After several years of no losses of our sheep to predators we were complacent and so this past autumn we suffered greatly from not having taken measures to protect our sheep. In our defense, we are relatively new to this sort of thing and our concerns were with the predators that killed our chickens, a whole different set of problems.
We had just fenced in the entire farm and the idea that we were vulnerable to coyotes or marauding dogs was not even considered. In the space of just a few weeks we had lost a very large percentage of our flock. It had gotten so bad that I had to put everything else on hold and turn my attention to this one problem; this one problem would end our entire operation, I was desperate. I even went so far as to place an ad and invite hunters to the farm. Even with high tech calls and weapons no predators were found. A neighbor’s boy came out and set traps, still nothing. Except for all the mutilated sheep, there was very little evidence that there were any predators. I was not happy with the prospect of hunting and trapping because the predators are essentially dogs and I love dogs but I had to stop the carnage.
I knew that there was really only one permanent solution to my problem, dogs. I have read about and even talked to some people that believe llamas can protect sheep but suffice it to say that my experience does not bare this out. Perhaps a certain llama in a particular situation has been a deterrent but I don’t believe they are reliable livestock guardians and they present a whole other set of issues to deal with.
Life on our farm had become unpleasant. By now the weather had turned cold and wet and I was spending nights outside with lights and my riffle protecting the sheep. Of course I could not keep this up but I could not sleep either. I dreaded going out for morning chores to find some horrific scene. Nothing I tried would help for more than a few days before they would come back and attack again. We were devastated! The remaining sheep were traumatized and would not go into their shelter at night. Angie helped me bury some of the dead lambs one morning but after a while I would hide them and we just didn’t talk about it.

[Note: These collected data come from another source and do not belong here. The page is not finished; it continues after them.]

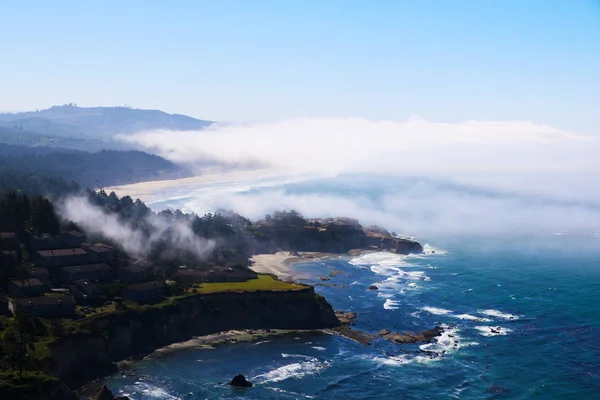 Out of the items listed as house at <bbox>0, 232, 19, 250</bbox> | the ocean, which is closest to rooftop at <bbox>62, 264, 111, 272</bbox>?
house at <bbox>0, 232, 19, 250</bbox>

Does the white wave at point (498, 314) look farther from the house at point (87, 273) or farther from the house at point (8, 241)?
the house at point (8, 241)

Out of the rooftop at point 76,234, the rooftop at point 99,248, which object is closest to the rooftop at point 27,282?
the rooftop at point 99,248

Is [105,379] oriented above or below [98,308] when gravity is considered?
below

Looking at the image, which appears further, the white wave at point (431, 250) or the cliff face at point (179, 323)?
the white wave at point (431, 250)

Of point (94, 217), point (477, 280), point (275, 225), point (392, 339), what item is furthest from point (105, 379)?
point (275, 225)

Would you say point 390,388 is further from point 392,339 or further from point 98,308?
point 98,308

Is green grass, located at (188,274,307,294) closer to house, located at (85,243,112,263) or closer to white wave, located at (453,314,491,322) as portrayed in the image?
house, located at (85,243,112,263) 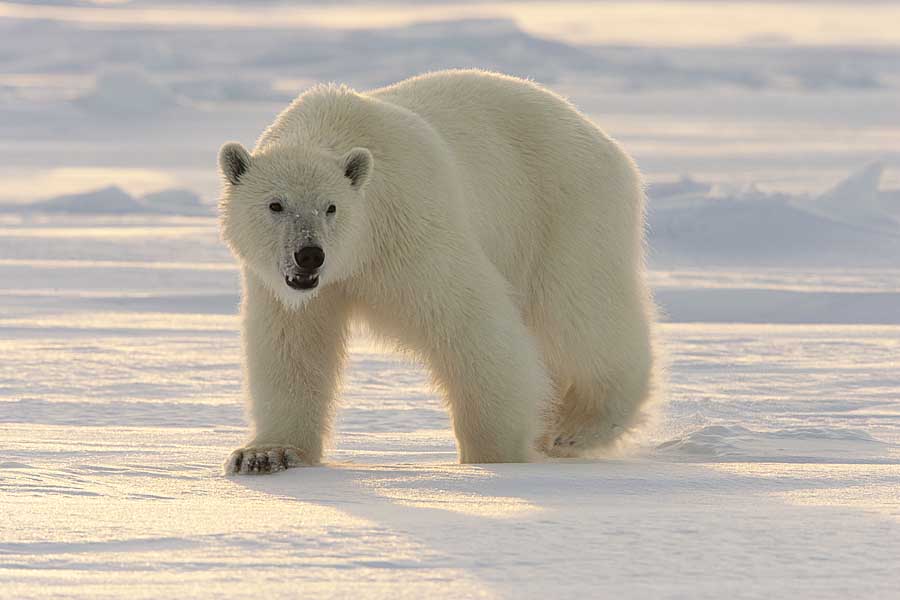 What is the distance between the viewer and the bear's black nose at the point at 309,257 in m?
5.29

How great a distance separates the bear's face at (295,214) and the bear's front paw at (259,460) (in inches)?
22.6

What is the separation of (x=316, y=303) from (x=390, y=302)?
1.05 feet

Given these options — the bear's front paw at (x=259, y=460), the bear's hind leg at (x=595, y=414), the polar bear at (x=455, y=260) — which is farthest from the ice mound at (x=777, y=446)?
the bear's front paw at (x=259, y=460)

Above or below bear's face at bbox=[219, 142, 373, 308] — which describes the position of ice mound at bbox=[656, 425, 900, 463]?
below

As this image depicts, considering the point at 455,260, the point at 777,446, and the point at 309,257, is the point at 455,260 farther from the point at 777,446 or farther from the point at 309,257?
the point at 777,446

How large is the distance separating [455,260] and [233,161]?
0.92 metres

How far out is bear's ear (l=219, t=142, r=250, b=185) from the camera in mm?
5523

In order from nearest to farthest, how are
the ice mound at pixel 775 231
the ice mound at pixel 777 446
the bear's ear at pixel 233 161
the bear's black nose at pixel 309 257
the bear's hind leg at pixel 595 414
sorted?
the bear's black nose at pixel 309 257 < the bear's ear at pixel 233 161 < the ice mound at pixel 777 446 < the bear's hind leg at pixel 595 414 < the ice mound at pixel 775 231

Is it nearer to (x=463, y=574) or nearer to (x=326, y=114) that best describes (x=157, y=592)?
(x=463, y=574)

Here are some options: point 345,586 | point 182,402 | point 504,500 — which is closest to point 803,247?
point 182,402

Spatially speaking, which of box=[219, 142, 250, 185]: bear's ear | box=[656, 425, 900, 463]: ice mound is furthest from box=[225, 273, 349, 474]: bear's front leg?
box=[656, 425, 900, 463]: ice mound

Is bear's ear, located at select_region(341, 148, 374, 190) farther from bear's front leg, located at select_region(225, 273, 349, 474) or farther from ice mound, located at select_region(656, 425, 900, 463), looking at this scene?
ice mound, located at select_region(656, 425, 900, 463)

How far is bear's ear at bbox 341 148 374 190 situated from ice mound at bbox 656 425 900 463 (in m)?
1.85

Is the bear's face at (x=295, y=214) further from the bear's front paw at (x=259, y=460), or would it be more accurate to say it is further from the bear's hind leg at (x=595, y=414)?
the bear's hind leg at (x=595, y=414) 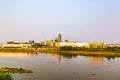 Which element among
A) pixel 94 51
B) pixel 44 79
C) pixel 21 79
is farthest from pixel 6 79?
pixel 94 51

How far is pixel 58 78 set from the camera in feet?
114

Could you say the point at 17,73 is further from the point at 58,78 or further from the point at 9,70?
the point at 58,78

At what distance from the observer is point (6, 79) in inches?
866

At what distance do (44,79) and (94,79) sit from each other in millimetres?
6625

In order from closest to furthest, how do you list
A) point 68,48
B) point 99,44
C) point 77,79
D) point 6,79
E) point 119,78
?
point 6,79 < point 77,79 < point 119,78 < point 68,48 < point 99,44

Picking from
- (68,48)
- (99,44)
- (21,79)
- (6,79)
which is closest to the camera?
(6,79)

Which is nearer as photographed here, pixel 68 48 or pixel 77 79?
pixel 77 79

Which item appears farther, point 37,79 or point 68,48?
point 68,48

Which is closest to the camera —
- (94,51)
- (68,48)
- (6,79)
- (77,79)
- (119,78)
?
(6,79)

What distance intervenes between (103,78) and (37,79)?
9255mm

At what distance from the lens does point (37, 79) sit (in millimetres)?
33156

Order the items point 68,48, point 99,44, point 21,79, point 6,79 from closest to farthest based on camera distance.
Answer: point 6,79 → point 21,79 → point 68,48 → point 99,44

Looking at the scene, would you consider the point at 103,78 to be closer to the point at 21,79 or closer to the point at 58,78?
the point at 58,78

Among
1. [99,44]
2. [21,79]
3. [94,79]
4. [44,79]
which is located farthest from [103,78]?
[99,44] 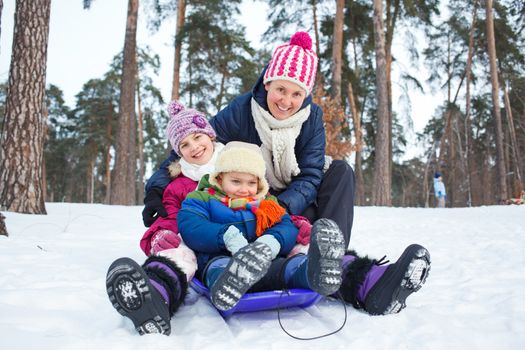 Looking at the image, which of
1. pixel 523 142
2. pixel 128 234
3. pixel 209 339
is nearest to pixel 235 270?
pixel 209 339

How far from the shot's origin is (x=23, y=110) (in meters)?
4.57

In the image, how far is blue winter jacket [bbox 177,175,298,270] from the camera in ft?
5.65

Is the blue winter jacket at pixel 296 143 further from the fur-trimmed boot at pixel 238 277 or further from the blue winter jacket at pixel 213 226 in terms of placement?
the fur-trimmed boot at pixel 238 277

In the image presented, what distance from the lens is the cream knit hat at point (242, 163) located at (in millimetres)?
1893

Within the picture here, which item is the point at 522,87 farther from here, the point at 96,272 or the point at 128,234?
the point at 96,272

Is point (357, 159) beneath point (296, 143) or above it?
above

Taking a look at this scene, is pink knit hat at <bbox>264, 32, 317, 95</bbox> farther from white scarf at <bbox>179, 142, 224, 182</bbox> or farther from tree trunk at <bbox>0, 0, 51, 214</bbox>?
tree trunk at <bbox>0, 0, 51, 214</bbox>

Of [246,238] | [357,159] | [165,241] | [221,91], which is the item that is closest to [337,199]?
[246,238]

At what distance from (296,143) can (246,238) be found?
2.37ft

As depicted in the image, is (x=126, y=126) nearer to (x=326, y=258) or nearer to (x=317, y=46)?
(x=317, y=46)

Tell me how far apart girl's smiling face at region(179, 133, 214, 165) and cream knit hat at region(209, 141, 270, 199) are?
0.35 m

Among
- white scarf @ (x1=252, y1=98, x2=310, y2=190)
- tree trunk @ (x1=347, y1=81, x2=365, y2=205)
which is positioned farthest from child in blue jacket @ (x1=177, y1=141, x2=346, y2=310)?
tree trunk @ (x1=347, y1=81, x2=365, y2=205)

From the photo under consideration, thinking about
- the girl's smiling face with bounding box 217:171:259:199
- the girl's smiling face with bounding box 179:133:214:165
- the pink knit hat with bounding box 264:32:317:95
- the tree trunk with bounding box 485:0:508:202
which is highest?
the tree trunk with bounding box 485:0:508:202

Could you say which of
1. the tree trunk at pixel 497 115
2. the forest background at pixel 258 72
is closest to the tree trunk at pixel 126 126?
the forest background at pixel 258 72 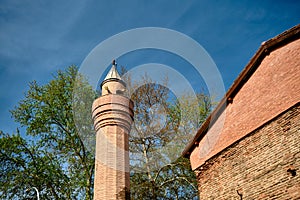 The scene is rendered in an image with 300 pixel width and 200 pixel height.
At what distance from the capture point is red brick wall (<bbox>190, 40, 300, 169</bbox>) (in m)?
6.73

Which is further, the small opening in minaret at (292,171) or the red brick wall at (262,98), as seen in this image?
the red brick wall at (262,98)

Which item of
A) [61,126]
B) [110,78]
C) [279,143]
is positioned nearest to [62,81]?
[61,126]

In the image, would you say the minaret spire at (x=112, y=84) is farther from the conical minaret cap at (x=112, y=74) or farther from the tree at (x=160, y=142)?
the tree at (x=160, y=142)

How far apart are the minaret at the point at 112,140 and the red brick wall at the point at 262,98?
A: 9.65 feet

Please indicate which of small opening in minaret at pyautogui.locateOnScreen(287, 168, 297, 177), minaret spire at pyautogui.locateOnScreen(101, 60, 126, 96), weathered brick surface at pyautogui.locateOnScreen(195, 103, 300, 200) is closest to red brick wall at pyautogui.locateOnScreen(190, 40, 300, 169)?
weathered brick surface at pyautogui.locateOnScreen(195, 103, 300, 200)

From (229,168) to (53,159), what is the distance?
12.7m

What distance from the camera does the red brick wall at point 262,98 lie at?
6.73 meters

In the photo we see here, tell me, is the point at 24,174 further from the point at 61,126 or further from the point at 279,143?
the point at 279,143

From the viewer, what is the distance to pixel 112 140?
10.7 meters

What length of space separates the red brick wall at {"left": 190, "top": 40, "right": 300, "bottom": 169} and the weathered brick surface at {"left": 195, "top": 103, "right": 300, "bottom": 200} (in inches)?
8.0

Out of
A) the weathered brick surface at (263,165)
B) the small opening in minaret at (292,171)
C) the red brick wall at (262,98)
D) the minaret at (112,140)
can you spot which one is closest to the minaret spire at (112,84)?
the minaret at (112,140)

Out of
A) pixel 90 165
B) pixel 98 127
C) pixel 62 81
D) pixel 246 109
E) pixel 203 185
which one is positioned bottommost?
pixel 203 185

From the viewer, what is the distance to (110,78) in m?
12.5

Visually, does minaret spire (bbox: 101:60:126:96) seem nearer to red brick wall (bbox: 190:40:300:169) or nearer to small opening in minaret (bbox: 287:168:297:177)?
red brick wall (bbox: 190:40:300:169) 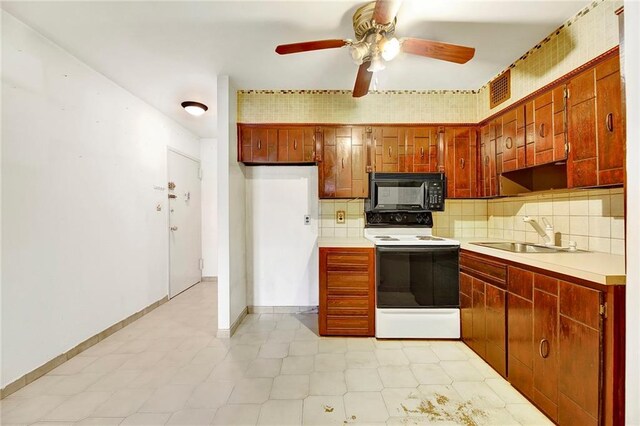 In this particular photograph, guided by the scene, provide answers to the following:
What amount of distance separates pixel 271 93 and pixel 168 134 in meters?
1.66

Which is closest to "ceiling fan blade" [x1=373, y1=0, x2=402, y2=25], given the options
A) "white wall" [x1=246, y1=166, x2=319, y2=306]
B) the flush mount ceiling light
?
"white wall" [x1=246, y1=166, x2=319, y2=306]

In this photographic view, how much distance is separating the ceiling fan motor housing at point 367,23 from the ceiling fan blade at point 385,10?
173 millimetres

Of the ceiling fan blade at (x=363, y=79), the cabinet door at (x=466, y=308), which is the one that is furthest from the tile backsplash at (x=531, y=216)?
the ceiling fan blade at (x=363, y=79)

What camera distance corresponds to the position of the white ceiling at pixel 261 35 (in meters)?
1.63

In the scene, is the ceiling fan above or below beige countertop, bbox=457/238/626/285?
above

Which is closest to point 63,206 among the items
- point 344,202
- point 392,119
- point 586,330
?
point 344,202

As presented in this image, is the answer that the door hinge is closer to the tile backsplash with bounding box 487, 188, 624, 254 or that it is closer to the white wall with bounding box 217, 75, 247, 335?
the tile backsplash with bounding box 487, 188, 624, 254

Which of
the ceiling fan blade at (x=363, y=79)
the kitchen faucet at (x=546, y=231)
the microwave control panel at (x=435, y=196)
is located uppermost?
the ceiling fan blade at (x=363, y=79)

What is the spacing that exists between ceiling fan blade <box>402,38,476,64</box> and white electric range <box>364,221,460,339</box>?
141cm

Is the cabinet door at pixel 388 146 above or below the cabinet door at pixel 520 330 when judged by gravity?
above

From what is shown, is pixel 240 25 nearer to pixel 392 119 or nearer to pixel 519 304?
pixel 392 119

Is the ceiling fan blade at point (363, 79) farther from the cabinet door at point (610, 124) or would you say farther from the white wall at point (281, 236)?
the cabinet door at point (610, 124)

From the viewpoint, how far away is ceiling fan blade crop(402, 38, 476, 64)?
1.51 metres

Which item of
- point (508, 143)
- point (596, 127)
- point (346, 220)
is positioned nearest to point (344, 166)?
point (346, 220) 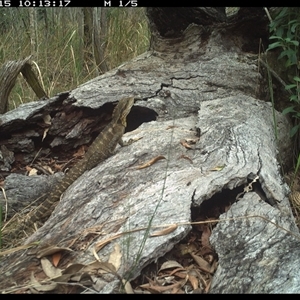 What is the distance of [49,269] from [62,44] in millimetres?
5196

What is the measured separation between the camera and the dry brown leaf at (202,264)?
2.34 metres

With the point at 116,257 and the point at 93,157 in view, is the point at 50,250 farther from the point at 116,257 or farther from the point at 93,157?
the point at 93,157

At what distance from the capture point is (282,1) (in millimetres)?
4098

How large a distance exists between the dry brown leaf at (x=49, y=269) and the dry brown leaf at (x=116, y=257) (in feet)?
0.79

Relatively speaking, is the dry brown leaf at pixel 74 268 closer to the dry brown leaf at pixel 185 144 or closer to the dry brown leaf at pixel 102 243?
the dry brown leaf at pixel 102 243

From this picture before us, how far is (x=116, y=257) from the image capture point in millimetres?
2324

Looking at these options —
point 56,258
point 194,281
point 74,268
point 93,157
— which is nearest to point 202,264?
point 194,281

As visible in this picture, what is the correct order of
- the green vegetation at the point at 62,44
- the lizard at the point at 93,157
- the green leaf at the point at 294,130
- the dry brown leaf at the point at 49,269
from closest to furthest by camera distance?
the dry brown leaf at the point at 49,269 → the lizard at the point at 93,157 → the green leaf at the point at 294,130 → the green vegetation at the point at 62,44

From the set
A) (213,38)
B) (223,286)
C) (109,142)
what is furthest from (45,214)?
(213,38)

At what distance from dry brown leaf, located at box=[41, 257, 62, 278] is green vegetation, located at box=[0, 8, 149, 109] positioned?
3940 mm

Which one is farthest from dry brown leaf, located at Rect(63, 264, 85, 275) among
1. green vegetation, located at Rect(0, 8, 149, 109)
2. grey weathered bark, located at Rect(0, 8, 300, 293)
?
green vegetation, located at Rect(0, 8, 149, 109)

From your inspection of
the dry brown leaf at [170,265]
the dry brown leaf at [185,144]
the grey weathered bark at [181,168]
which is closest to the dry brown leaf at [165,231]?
the grey weathered bark at [181,168]

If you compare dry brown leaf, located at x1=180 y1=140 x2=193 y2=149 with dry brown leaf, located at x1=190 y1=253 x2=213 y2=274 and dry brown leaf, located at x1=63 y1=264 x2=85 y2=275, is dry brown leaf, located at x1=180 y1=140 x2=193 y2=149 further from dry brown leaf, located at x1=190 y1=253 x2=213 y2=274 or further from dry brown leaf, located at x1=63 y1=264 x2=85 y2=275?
dry brown leaf, located at x1=63 y1=264 x2=85 y2=275

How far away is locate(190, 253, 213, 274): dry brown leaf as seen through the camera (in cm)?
234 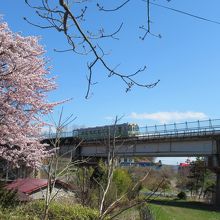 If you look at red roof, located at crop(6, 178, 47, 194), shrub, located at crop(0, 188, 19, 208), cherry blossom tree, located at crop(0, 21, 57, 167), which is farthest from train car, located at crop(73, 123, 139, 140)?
shrub, located at crop(0, 188, 19, 208)

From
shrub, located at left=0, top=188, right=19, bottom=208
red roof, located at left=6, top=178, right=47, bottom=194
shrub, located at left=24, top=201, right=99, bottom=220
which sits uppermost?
red roof, located at left=6, top=178, right=47, bottom=194

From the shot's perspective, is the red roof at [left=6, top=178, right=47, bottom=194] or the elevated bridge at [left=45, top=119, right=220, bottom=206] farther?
the elevated bridge at [left=45, top=119, right=220, bottom=206]

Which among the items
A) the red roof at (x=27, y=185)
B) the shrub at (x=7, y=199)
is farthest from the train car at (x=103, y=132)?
the shrub at (x=7, y=199)

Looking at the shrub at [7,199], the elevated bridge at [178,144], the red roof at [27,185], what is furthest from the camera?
the elevated bridge at [178,144]

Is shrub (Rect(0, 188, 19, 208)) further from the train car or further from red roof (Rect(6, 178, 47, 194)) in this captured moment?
the train car

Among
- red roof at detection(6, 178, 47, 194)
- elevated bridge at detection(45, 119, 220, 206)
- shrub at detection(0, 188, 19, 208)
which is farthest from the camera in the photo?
elevated bridge at detection(45, 119, 220, 206)

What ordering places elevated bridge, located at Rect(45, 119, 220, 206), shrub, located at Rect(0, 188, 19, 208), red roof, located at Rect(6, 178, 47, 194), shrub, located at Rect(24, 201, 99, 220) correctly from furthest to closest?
1. elevated bridge, located at Rect(45, 119, 220, 206)
2. red roof, located at Rect(6, 178, 47, 194)
3. shrub, located at Rect(0, 188, 19, 208)
4. shrub, located at Rect(24, 201, 99, 220)

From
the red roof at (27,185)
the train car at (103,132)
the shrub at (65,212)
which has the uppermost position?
the train car at (103,132)

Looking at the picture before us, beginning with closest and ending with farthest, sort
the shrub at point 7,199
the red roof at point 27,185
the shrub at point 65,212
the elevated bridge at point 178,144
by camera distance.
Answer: the shrub at point 65,212
the shrub at point 7,199
the red roof at point 27,185
the elevated bridge at point 178,144

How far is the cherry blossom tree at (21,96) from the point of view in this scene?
780 inches

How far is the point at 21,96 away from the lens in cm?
2069

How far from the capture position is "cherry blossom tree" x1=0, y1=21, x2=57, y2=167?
65.0 ft

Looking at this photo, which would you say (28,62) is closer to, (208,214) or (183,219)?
(183,219)

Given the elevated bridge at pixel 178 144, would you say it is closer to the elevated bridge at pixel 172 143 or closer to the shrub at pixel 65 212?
the elevated bridge at pixel 172 143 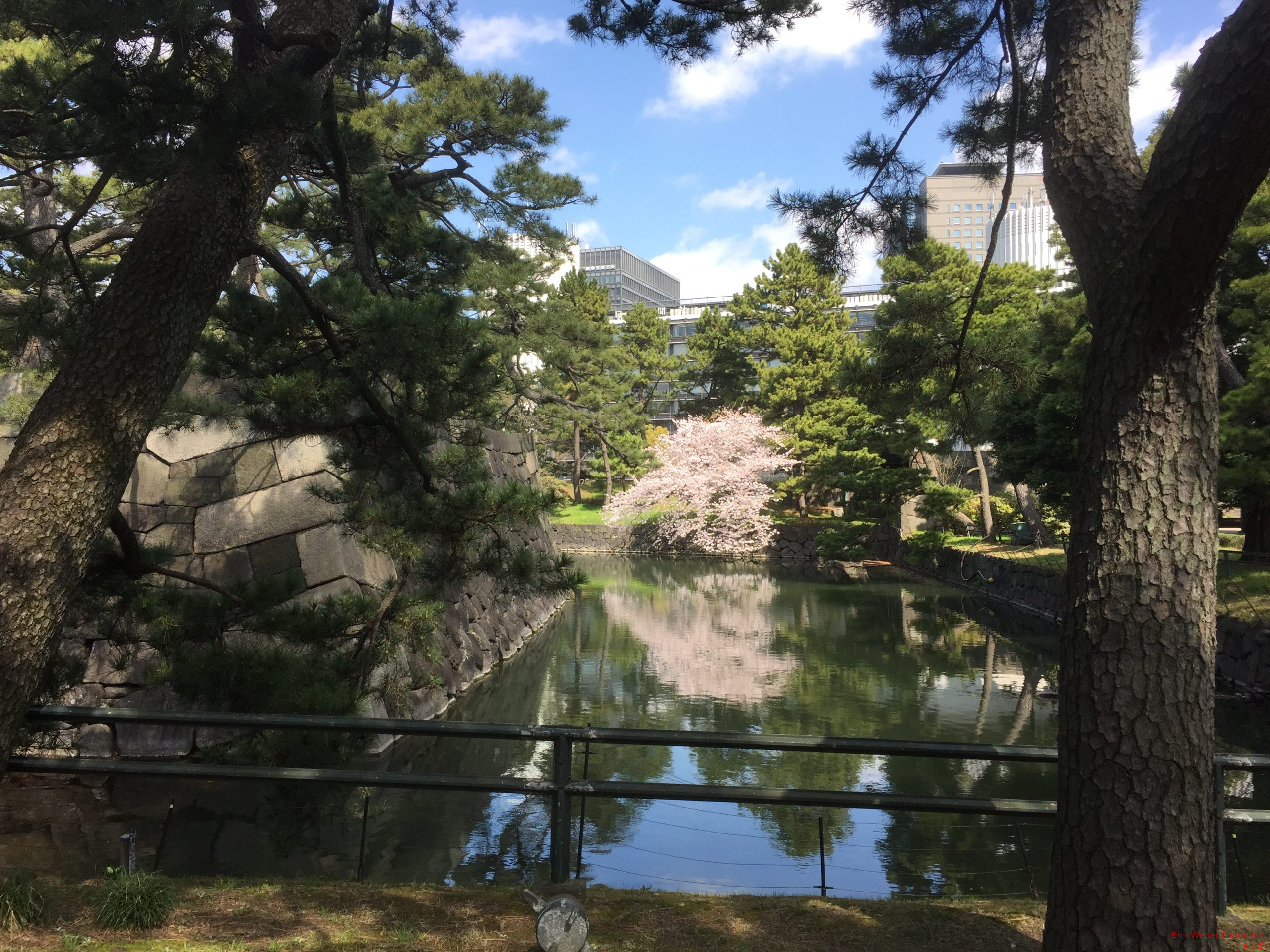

I accepted that I would have to find the money to buy the right dogs but what was available was mostly puppies and I needed dogs that could help right now. I found one pup nearby, bought him, but that was just more work caring for him and he would be no help until summer. Every day I searched the internet for older dogs and then I found them! They were three hours away and only 8 months old but that was good enough. Two Great Pyrenees sisters living on a small goat farm and the kind lady who owned them practically gave them to me for making the trip. After a few days confined to their shelter I let the girls loose and within a few hours they had covered every acre. They quickly discovered a waterway that ran under the fence between paddocks and found their way to the other side of the farm. They bounded through the wetland, waded across the pond
and claimed the pastures for their own. They went where I did not want them to go deciding that they knew their job better than me and that no place should be off limits to them. The farm was now completely under their protection.
There have been no further signs of predators and the sheep have learned that these special K9’s are no threat to them. Lursa and B’Etor (some of you may recognize these names) have literally saved the farm and are my heroes.